Often when you come across and independent or under-the-mainstream radar artist, for the first time, it helps to see the company they’re keeping musically. It sort of gives you the measure of their regard and potential within the industry. Rarely will you find renowned or acclaimed artists in their field performing with lesser known musicians, without being attracted by their talents. So before you even press play on a recorded project, if you just run through the credits, you’ll already know the plane and place that it’s coming from. Creatively it obviously doesn’t guarantee that you will like the recording, but artistically and technically, it certifies the quality infused into its core.
It’s much like reading the brand name ‘Ferrari’ on the starting grid of a Formula One race. This doesn’t guarantee the said car will win the race, but the legacy of proven skill, technology and passion behind such a brand makes winning an absolute option every time it is on the grid.
Such is the case with Andrew Gerard, for those who are still unfamiliar with this critically acclaimed Canadian singer-songwriter. As I have reviewed Gerard on a few occasions, the credits on his latest single, “Forest Fire” interest me less than the songwriting and the song itself. Not because the credits are less important than anything else, but because that is exactly the company I would expect an artist of his caliber to keep, and therefore comes as no surprise to me.

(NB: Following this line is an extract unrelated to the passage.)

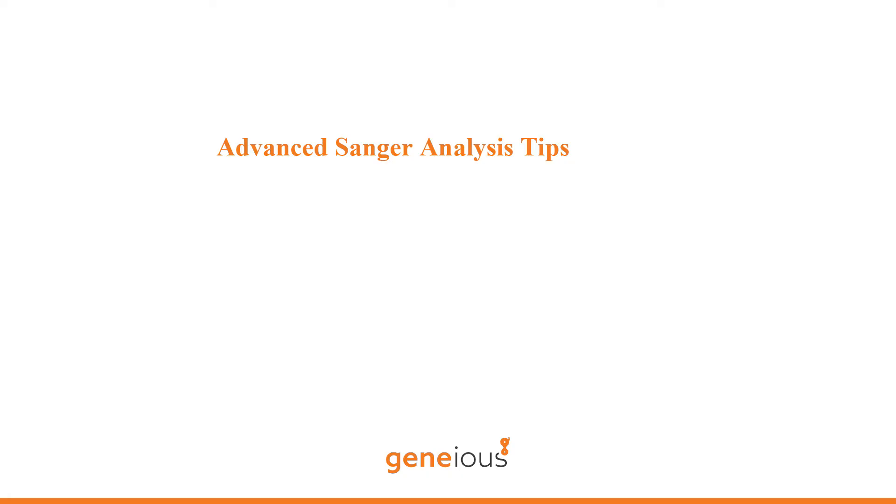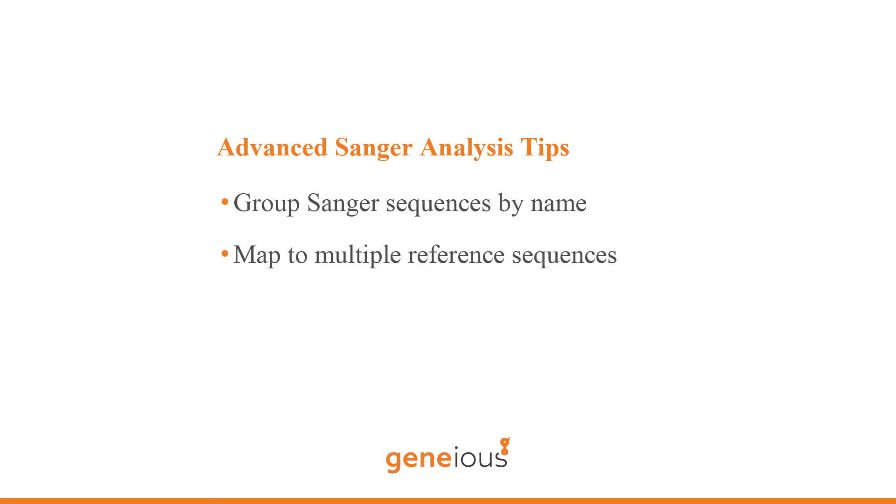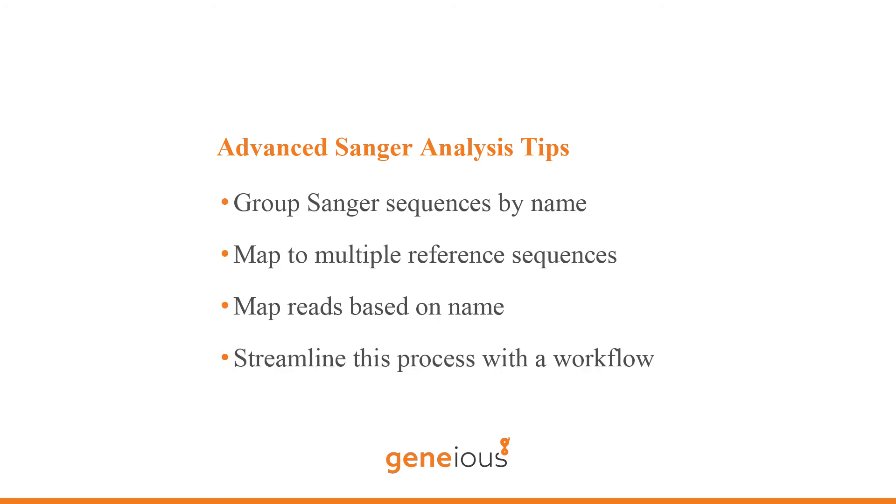Now that you know the basic steps to chromatogram analyses in Genius, here are some additional ideas to help you take your analyses to the next level.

For those not yet in the know, “Forest Fire”, and other tracks from the upcoming album, feature guitarist Tom Strahle (Justin Bieber, Taylor Swift), violinist and cellist Jessy Green (Pink, The Jayhawks) and keyboardist Rami Jaffee (Foo Fighters, The Wallflowers, Stone Sour). The track was produced by LA-based Ran Pink.
Now that’s an impressive credit list for any artist to have let alone and independent one. But Andrew Gerard is a meticulous craftsman and it shines through on every one of his projects – from the actual music recording to the accompanying video clips you can always be assured of a work of absolute quality which reeks of a major label budget.
But none of the above embellishments would make any sense or have any impact whatsoever without the core ingredients – which is the simply the brilliant songs that Gerard writes. “Forest Fire” really does provide a remarkable demonstration of Gerard’s voice and talent for writing songs which detail his life experiences and that people can easily relate to.
His songs are primarily acoustic-guitar driven, but they have lush and layered arrangements with warm, organic instrumentation. The audio atmosphere of “Forest Fire” is particularly enhanced by the string orchestrations.
Singer-songwriters often have a tough task to set themselves apart. There’s only so much one person can do with a guitar or piano, and however many session musicians they can draft in. But when you’re as touching, intelligent and melodic as Andrew Gerard is, ‘singer-songwriter’ becomes just another nametag to add to all the others.